What needs to be done:
Copy each line of the records that contains the word "Green".

[Crawled caption data]
########

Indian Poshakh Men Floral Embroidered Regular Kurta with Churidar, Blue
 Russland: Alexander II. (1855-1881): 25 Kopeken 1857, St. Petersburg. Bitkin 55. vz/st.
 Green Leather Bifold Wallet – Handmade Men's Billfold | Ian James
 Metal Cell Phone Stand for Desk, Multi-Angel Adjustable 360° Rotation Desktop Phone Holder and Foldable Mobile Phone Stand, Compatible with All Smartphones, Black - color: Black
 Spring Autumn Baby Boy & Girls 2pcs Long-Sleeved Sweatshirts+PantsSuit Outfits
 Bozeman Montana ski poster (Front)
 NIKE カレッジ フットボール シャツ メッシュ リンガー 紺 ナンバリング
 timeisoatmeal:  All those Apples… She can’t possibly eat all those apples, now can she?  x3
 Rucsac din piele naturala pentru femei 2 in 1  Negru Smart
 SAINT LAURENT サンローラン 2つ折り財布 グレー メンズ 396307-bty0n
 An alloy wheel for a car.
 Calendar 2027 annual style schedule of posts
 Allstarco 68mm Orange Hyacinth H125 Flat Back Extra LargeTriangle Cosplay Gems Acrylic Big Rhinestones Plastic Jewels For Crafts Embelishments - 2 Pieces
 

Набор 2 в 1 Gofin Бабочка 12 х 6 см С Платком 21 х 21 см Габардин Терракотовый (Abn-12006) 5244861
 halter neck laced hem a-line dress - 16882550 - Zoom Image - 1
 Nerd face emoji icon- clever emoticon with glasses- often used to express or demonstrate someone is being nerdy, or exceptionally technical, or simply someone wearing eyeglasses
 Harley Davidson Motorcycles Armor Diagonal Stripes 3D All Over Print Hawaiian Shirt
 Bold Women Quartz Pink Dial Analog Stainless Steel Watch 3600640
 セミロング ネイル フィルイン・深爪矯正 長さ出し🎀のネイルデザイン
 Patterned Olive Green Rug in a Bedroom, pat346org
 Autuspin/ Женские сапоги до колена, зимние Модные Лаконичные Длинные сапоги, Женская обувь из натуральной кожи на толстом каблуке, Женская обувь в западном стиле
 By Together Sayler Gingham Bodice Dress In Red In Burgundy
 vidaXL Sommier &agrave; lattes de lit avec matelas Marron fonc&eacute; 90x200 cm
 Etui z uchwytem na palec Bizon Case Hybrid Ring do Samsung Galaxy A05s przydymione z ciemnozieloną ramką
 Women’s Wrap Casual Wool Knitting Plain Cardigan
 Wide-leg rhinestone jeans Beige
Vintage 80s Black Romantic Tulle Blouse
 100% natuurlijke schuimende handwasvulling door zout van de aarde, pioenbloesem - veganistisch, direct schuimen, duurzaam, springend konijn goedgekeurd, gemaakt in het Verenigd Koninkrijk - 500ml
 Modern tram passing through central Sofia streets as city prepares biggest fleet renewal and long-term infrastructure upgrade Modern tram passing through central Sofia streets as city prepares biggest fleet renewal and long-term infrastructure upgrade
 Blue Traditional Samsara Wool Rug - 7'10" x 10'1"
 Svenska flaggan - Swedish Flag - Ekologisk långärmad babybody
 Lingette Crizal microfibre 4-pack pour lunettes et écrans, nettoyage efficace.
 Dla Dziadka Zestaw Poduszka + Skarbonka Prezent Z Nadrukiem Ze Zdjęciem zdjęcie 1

########

Your solution:
 Green Leather Bifold Wallet – Handmade Men's Billfold | Ian James
 Patterned Olive Green Rug in a Bedroom, pat346org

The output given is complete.